### What to produce
Exclude the pictures. Transcribe, exactly as written, the lines from the one with "V Yolkakh Private House" through the end of the entries below.

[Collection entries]

# # # # # # #

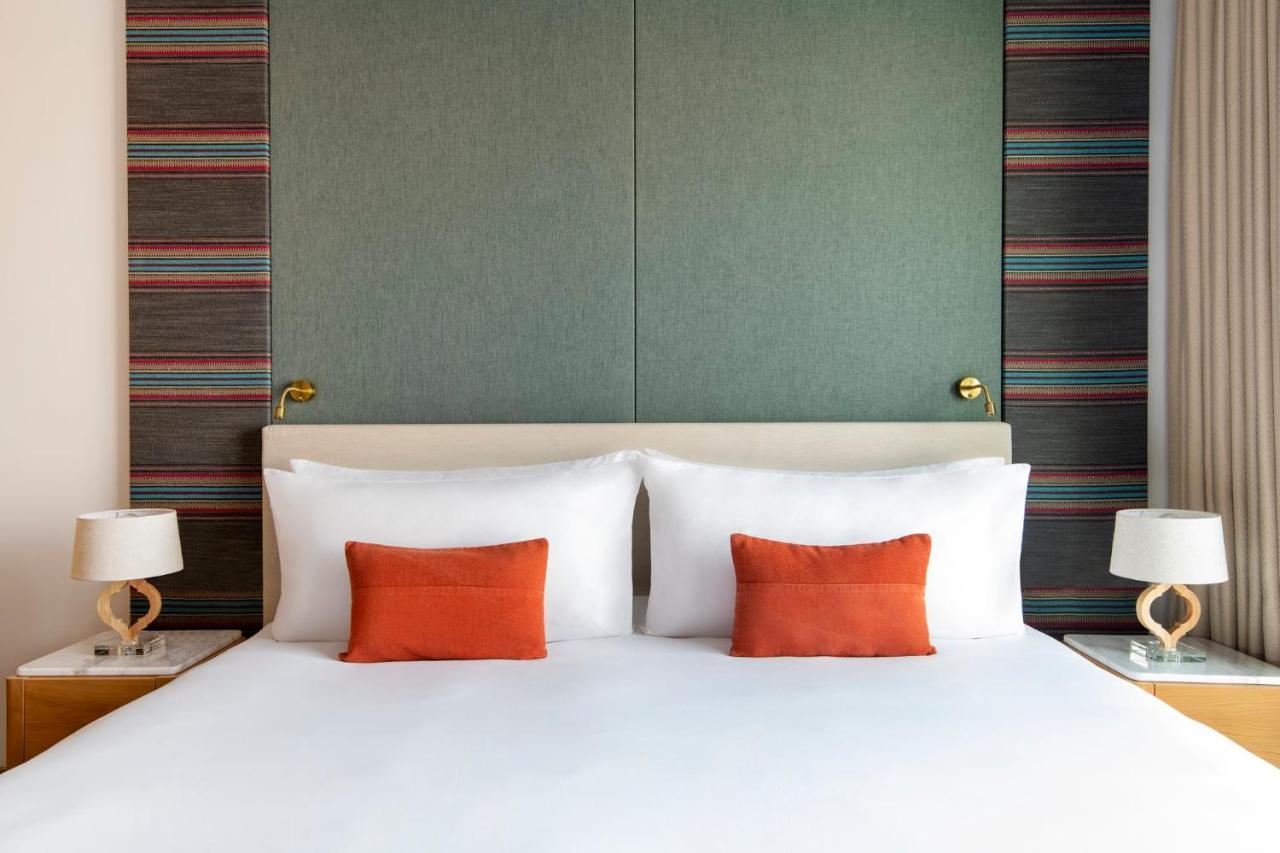 Abesq Doha Hotel And Residences, An Ihg Hotel Esterno foto A bedroom at the hotel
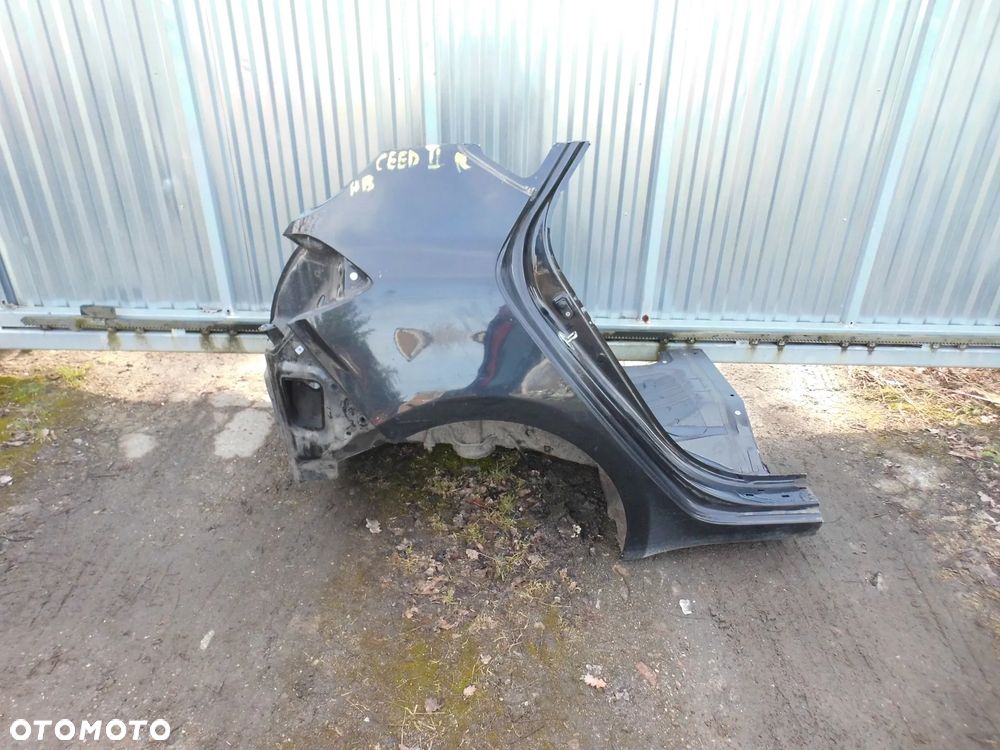 ĆWIARTKA KIA CEED II HATCHBACK PRAWA TYLNA CZARNA 1K ORYGINAŁ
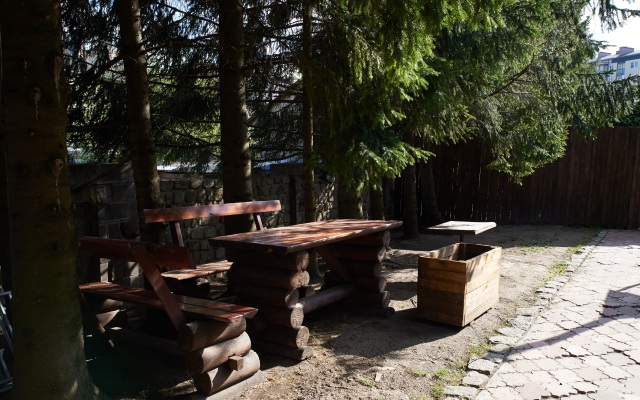 V Yolkakh Private House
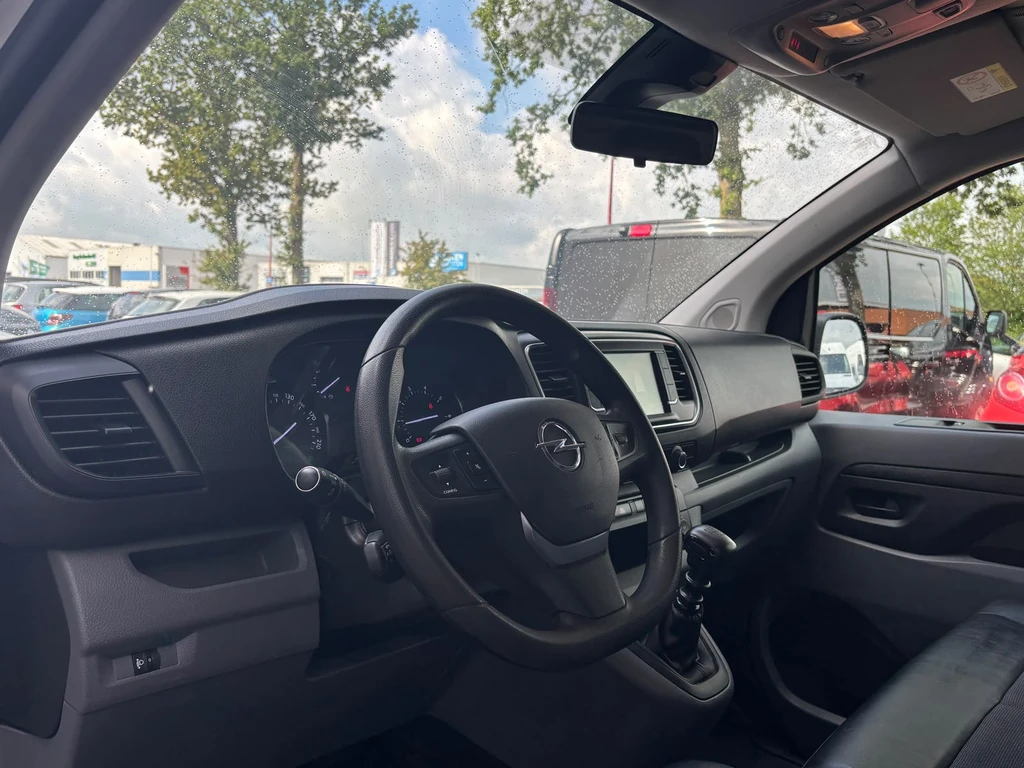 Opel Vivaro – foto 21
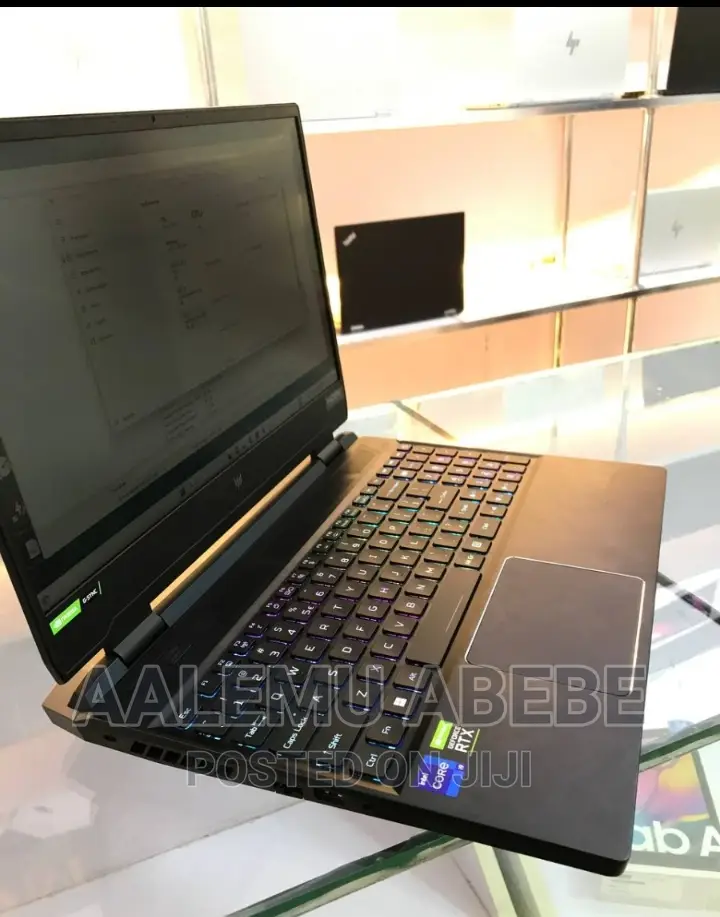 New Laptop Acer Predator Helios 300 16GB Intel Core I9 SSD 512GB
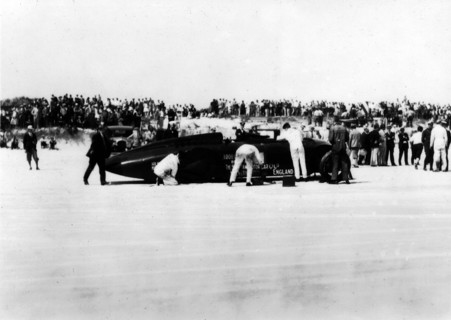 Sunbeam 1000hp World Land speed record attempt at Daytona 1927 Artist: Unknown.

# # # # # # #

### Response below
 V Yolkakh Private House
 Opel Vivaro – foto 21
 New Laptop Acer Predator Helios 300 16GB Intel Core I9 SSD 512GB
 Sunbeam 1000hp World Land speed record attempt at Daytona 1927 Artist: Unknown.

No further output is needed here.